**What you should do:**
Every entry below is to be copied exactly as written.

**Extracted information:**
>>>>

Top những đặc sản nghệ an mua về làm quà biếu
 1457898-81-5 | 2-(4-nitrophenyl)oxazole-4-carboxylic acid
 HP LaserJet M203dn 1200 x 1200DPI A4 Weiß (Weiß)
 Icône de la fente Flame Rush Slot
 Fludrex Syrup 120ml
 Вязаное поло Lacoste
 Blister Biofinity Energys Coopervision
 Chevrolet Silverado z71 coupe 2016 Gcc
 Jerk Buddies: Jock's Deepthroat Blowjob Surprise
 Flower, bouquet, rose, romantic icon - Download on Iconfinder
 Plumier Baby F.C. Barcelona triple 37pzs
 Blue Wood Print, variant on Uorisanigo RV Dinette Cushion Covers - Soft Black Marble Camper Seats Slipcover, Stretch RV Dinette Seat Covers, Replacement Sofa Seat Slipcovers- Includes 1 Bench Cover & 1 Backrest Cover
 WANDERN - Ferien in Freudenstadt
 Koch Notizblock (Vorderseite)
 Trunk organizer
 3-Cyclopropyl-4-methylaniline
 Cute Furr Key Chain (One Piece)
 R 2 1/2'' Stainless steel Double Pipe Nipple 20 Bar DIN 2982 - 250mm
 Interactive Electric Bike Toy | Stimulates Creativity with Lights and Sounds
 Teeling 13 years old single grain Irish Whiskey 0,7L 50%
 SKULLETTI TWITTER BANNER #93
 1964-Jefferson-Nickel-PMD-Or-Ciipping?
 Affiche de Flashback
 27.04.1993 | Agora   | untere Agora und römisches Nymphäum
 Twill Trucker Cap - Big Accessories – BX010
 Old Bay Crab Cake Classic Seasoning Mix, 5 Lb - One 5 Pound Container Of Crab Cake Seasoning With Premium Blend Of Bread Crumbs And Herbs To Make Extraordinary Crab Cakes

<<<<

**Output below:**
Top những đặc sản nghệ an mua về làm quà biếu
 1457898-81-5 | 2-(4-nitrophenyl)oxazole-4-carboxylic acid
 HP LaserJet M203dn 1200 x 1200DPI A4 Weiß (Weiß)
 Icône de la fente Flame Rush Slot
 Fludrex Syrup 120ml
 Вязаное поло Lacoste
 Blister Biofinity Energys Coopervision
 Chevrolet Silverado z71 coupe 2016 Gcc
 Jerk Buddies: Jock's Deepthroat Blowjob Surprise
 Flower, bouquet, rose, romantic icon - Download on Iconfinder
 Plumier Baby F.C. Barcelona triple 37pzs
 Blue Wood Print, variant on Uorisanigo RV Dinette Cushion Covers - Soft Black Marble Camper Seats Slipcover, Stretch RV Dinette Seat Covers, Replacement Sofa Seat Slipcovers- Includes 1 Bench Cover & 1 Backrest Cover
 WANDERN - Ferien in Freudenstadt
 Koch Notizblock (Vorderseite)
 Trunk organizer
 3-Cyclopropyl-4-methylaniline
 Cute Furr Key Chain (One Piece)
 R 2 1/2'' Stainless steel Double Pipe Nipple 20 Bar DIN 2982 - 250mm
 Interactive Electric Bike Toy | Stimulates Creativity with Lights and Sounds
 Teeling 13 years old single grain Irish Whiskey 0,7L 50%
 SKULLETTI TWITTER BANNER #93
 1964-Jefferson-Nickel-PMD-Or-Ciipping?
 Affiche de Flashback
 27.04.1993 | Agora   | untere Agora und römisches Nymphäum
 Twill Trucker Cap - Big Accessories – BX010
 Old Bay Crab Cake Classic Seasoning Mix, 5 Lb - One 5 Pound Container Of Crab Cake Seasoning With Premium Blend Of Bread Crumbs And Herbs To Make Extraordinary Crab Cakes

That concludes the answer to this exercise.